There was a period on an hour where we migrated our database to it's own server in the same data centre.

This server has faster CPUs than our current one, 3.5GHz v 3.0GHz, and if all goes well we will migrate the extra CPUs we bought to the DB server.

The outage was prolonged due to a PEBKAC issue. I mistyped an IP in our new postgres authentication as such I kept getting a "permission error".

The decision of always migrating the DB to it's own server was always going to happen but was pushed forward with the recent donations we got from Guest on our Ko-Fi page! Thank-you again!

If you see any issues relating to ungodly load times please feel free to let us know!

Cheers,
Tiff

  • Tiff@reddthat.com
    hexagon
    M
    ·
    8 months ago

    Hmmmm that isn't great news. While testing it was working great, which is just my luck.

    I can see that there are a lot more spikes now compared to before, and even when ssh'd to the server I can sometimes feel the lag.

    I'll be investigating today as I really don't want to roll back to our single server again. There are probably some fine tuning items that need to be done on the network stack side now.

    • e0qdk@reddthat.com
      ·
      8 months ago

      Wishing you the best of luck in your investigation! Hopefully it turns out to be something quick and easy, but having been through the wringer debugging my own projects, I totally get it if it's not.

      • Tiff@reddthat.com
        hexagon
        M
        ·
        8 months ago

        How's the lag today? I still see the long load times in the browser... And it's really getting on my nerves. It's definitely a storage issue now.

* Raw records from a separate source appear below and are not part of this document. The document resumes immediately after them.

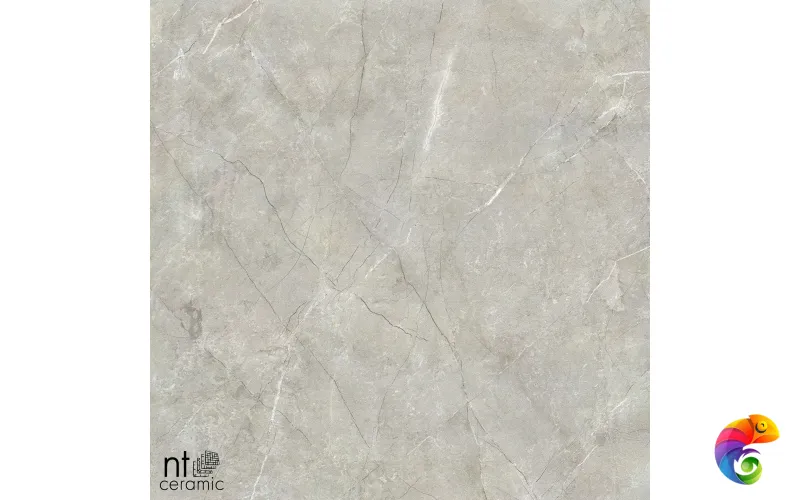 Керамогранит NS6NTT9022L NTT9022 60x60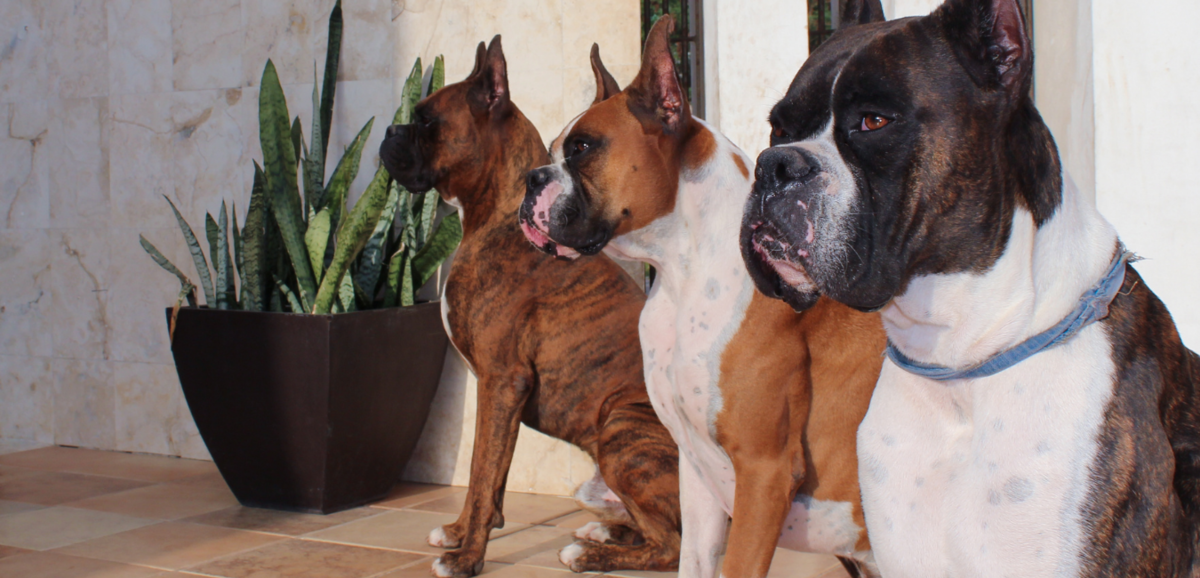 Três cachorros da raça Boxer sentandos lado a lado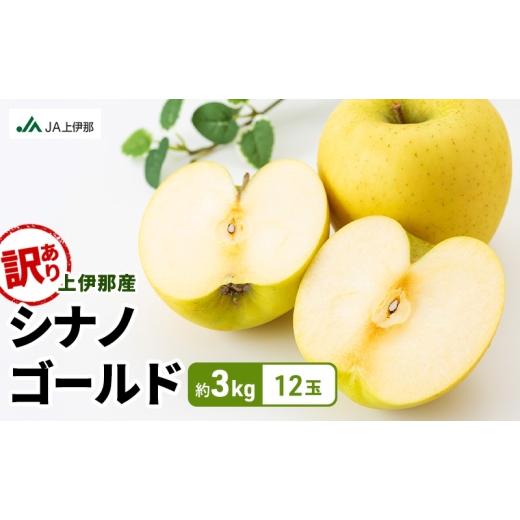 ふるさと納税 りんご 長野県 駒ヶ根市 訳あり りんご 長野 リンゴ シナノゴールド 約3kg (12玉) 産地直送 フルーツ 果物 デザート おやつ 林檎 旬 信州 長野…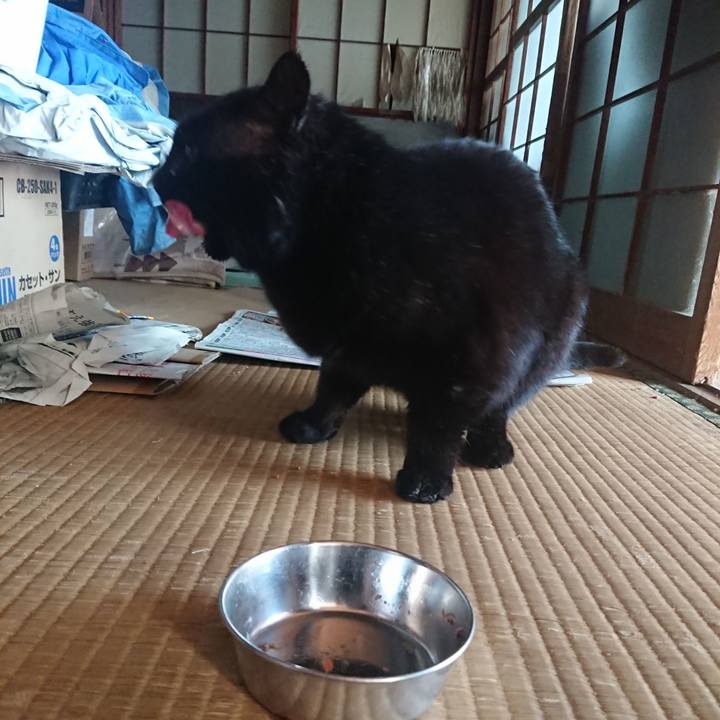 Dbb3e0fe 612c 4558 bf37 835ca2f26e02 1614502116137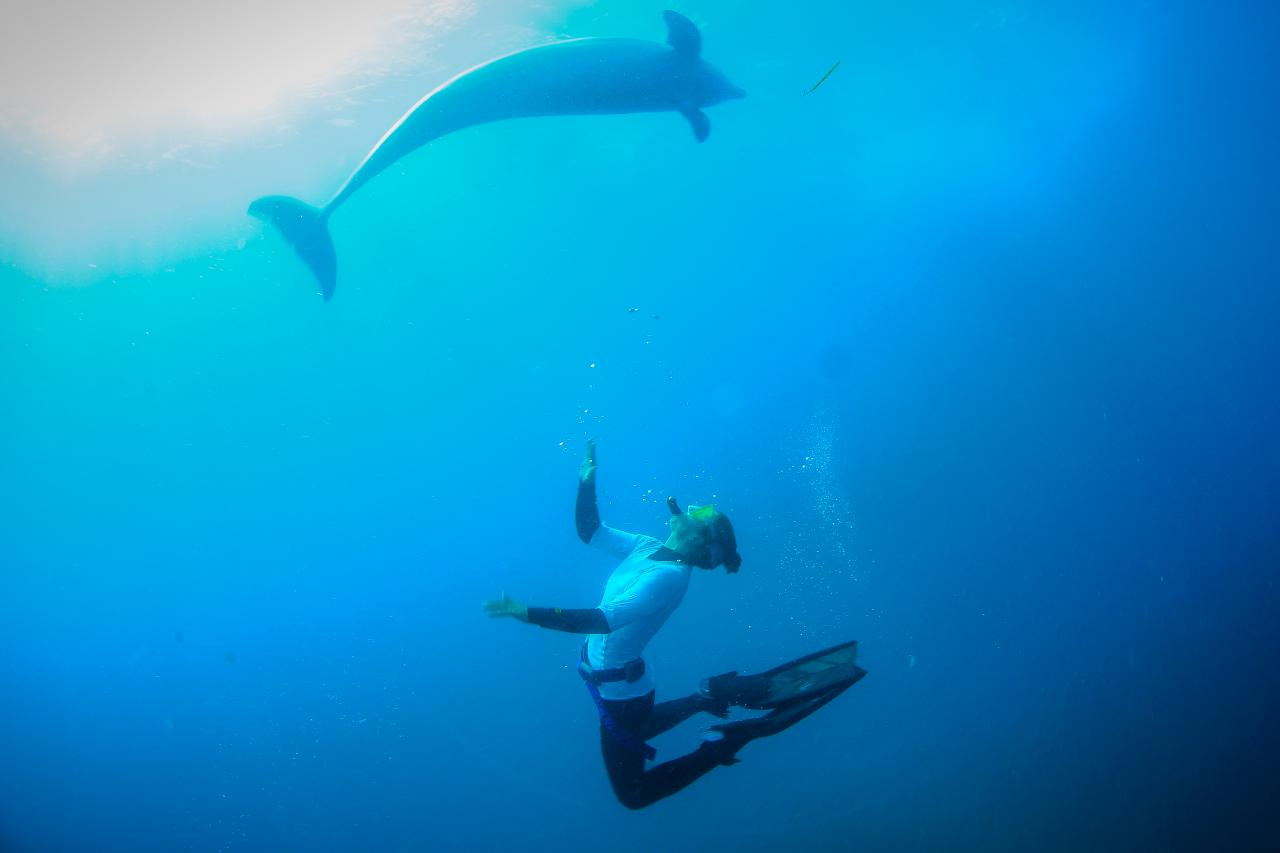 Small group Dolphin & Seal swim - Private charter - Photo 1 of 3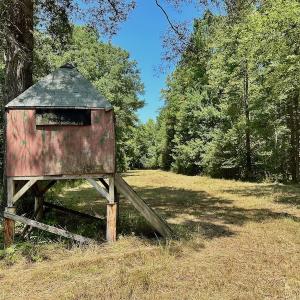Photo #29 of SOLD property in Off Jackson Bypass, Garysburg, NC 49.9 acres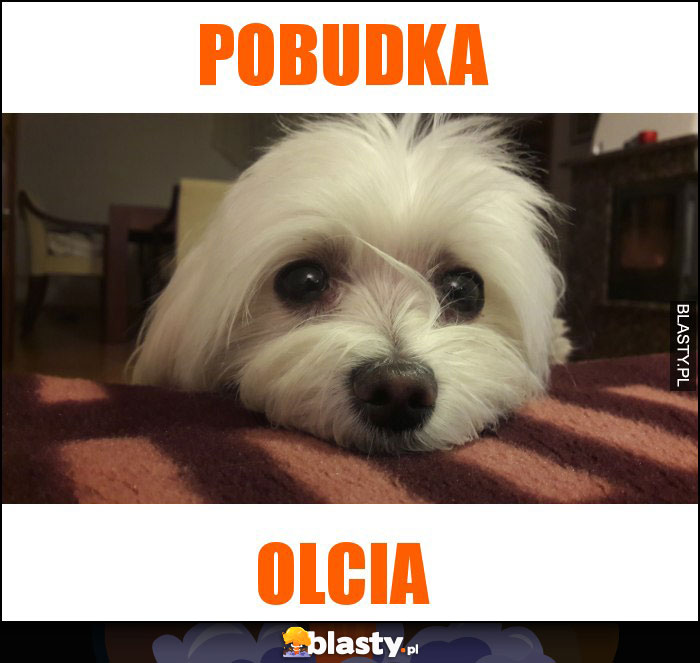 Pobudka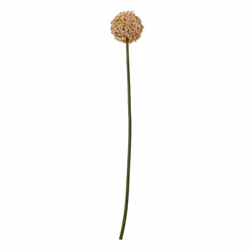 Hill Interiors Allium Stem Artificial Plant - 75cm, Pink
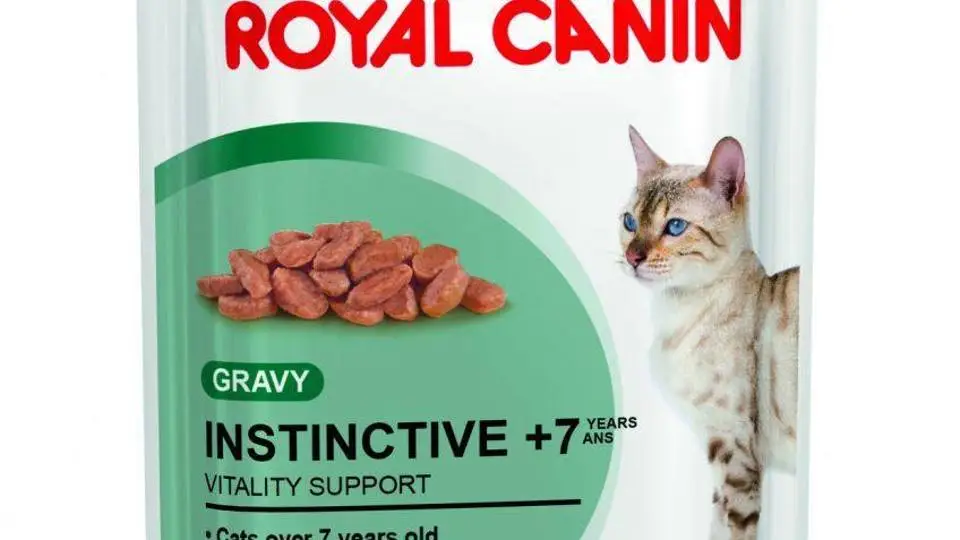 4/46169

        I've gone an bought a server in a different hosting company because this is ridiculous. Cue the migration post!

        • Blaze@reddthat.com
          ·
          8 months ago

          It is noticeable in the browser, but I guess it's definitely an improvement if we are now up-to-date with LW for posts and comments!

        • e0qdk@reddthat.com
          ·
          8 months ago

          Huh. I don't think I got a notice for this reply. So, sorry I didn't respond -- I didn't see it! (Just saw this randomly while checking your profile to see if there was a thread regarding the "next" interface.)

          Haven't checked again thoroughly yet today, but the timings I saw yesterday matched your averages pretty well and I definitely saw a reduction in lag spikes after your other reply. I also did a fair bit of poking around with my browser's network inspector -- and I found a potential issue.

          It looks like mlmym (the "old" interface -- which is the primary one I use) does not set Cache-Control on pages it serves, so you may be getting traffic to your backend for every logged out lurker and scraper hitting that interface instead of letting your CDN handle it. The header is set for images and such, but not the pages themselves. Lemmy's default UI sets it (public, max-age=60 for logged out users, private for logged in users). The "next" interface seems like it sets it to private, no-cache, no-store, max-age=0, must-revalidate for logged out users, which is probably not ideal... I'm not sure yet what the other interfaces are doing since they're JS heavy and I haven't dug into them as much.

      • Tiff@reddthat.com
        hexagon
        M
        ·
        8 months ago

        Alright, I've had a look, and we are now HA. We now have a lemmy front end and back end instances across two different servers with the third server being the new database server.

        This has reduced the number of connections through our one server to a more manageable number which seems to have helped with the lag spikes! From the logs it does look like the total number of lag spikes has disappeared but I'm not counting my chickens yet.

        With regards to regular requests. With the added server, on average we are looking at

        • comments: 1-3s
        • users: 2-5s
          Which again is still not ideal, but it's something to work towards.

        One of our servers is also slower at responding in general. So I think we'll decommission it at the end of this month and use the money to buy 1-2 more frontend servers, (that's how big it is).